El auditorio se disolvió. Los torturadores desaparecieron. Alguien comentó que se hallaban encerrados en la cabina del comisario bebiendo interminables jarras de tereré helado, ensopado de hierbas medicinales contra las enfermedades venéreas. Tema obligado de coloquios machunos en torno a la guampa de tereré, transpirada del frío sudor del hielo.
Hasta en las sesiones de tortura Kururú-piré sorbía sin pausa la gruesa bombilla de plata labrada con embocadura de oro brillando en la enceguecedora luz de los reflectores y de la soldadura autógena de la picana.
El esfuerzo de pensar en qué forma podía intentar el abordaje de los matones me había sumido en un profundo adormecimiento semejante a un estado de trance.
Nada recuerdo de ese oscuro estado segundo, salvo la sensación de haber conversado apaciblemente con Lucilo Benítez, (a) Kururú-piré, en un intervalo de las torturas. Luego, en el pasillo del tren. Luego, en el cruce de los dos trenes gemelos.

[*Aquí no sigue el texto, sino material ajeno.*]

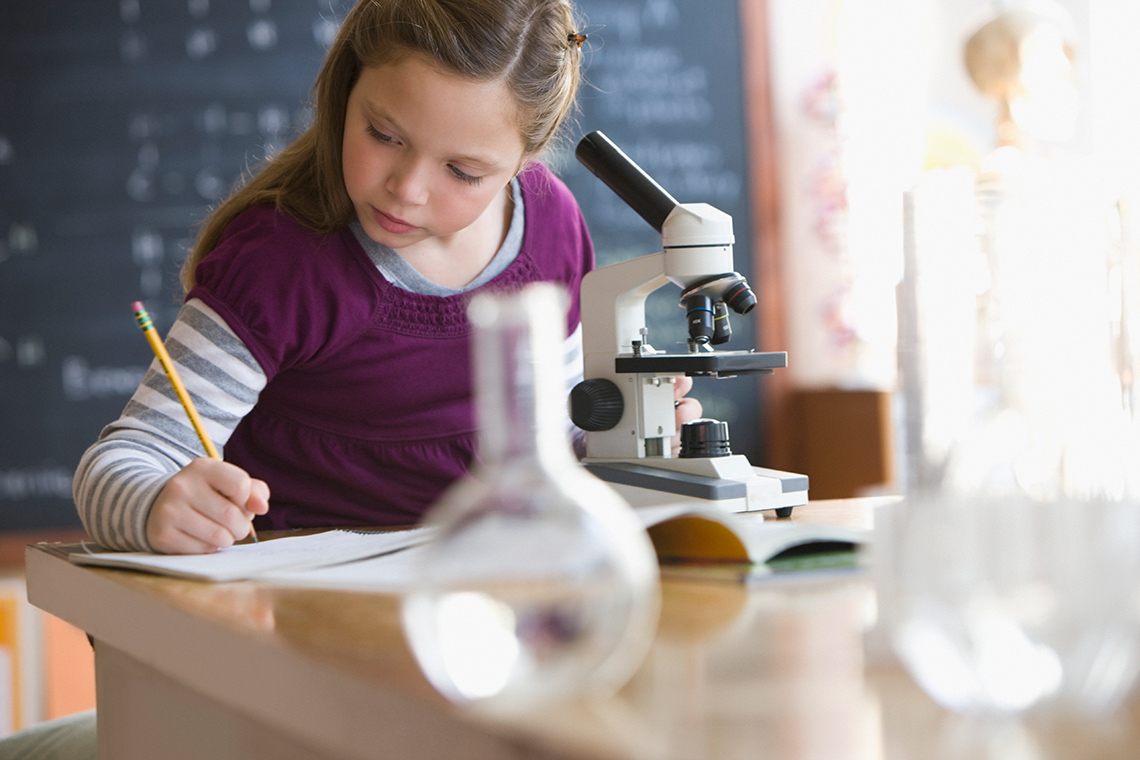A student recording information in their notebook after using a microscope.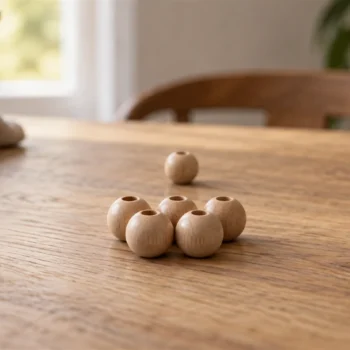 One small wooden bead resting behind a neatly arranged group of matching beads on a table.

La escena de la conversación con mi torturador era nítida, real, como contemplada al sesgo desde muy abajo. La otra escena del sueño, en segundo plano, pero constante y vertiginosa, era la de dos trenes gemelos, como éste, que se cruzaban a toda velocidad.
En la ventanilla de uno iba Lucilo Benítez. En el otro iba yo del mismo lado. En los cruces, los vagones se rozaban arrancándose chispas y pedazos del maderamen.
En fracciones de segundos, que parecían alargarse al infinito, Lucilo Benítez y yo nos mirábamos cambiando palabras que el ruido nos impedía escuchar.
Detrás del vidrio la cara mofletuda, cribada de viruelas, se deformaba y se inflaba como un globo en una sonrisa idiota pero llena de suficiencia y poder a punto de estallar. Así incontables veces, hasta que en uno de los cruces los dos trenes chocaron y penetraron uno dentro de otro en un terrible estrépito de hierros y cristales destrozados. Yo sentí que mi cuerpo entraba en el de Lucilo Benítez y que su cabeza sustituyó a la mía, llenándose de agujeros como los del queso gruyere. La vi derretirse en una masa blanduzca, llena de sangre, que chorreaba por la ventanilla. El estruendo me despertó. Me fui incorporando con lentitud infinita en la masa de tierra y de polvo del desmoronamiento, tosiendo, al borde de la asfixia.
Por el cambio de luz comprobé que había dormido varias horas. Acaso un día entero. Un día y una noche. No lo sé.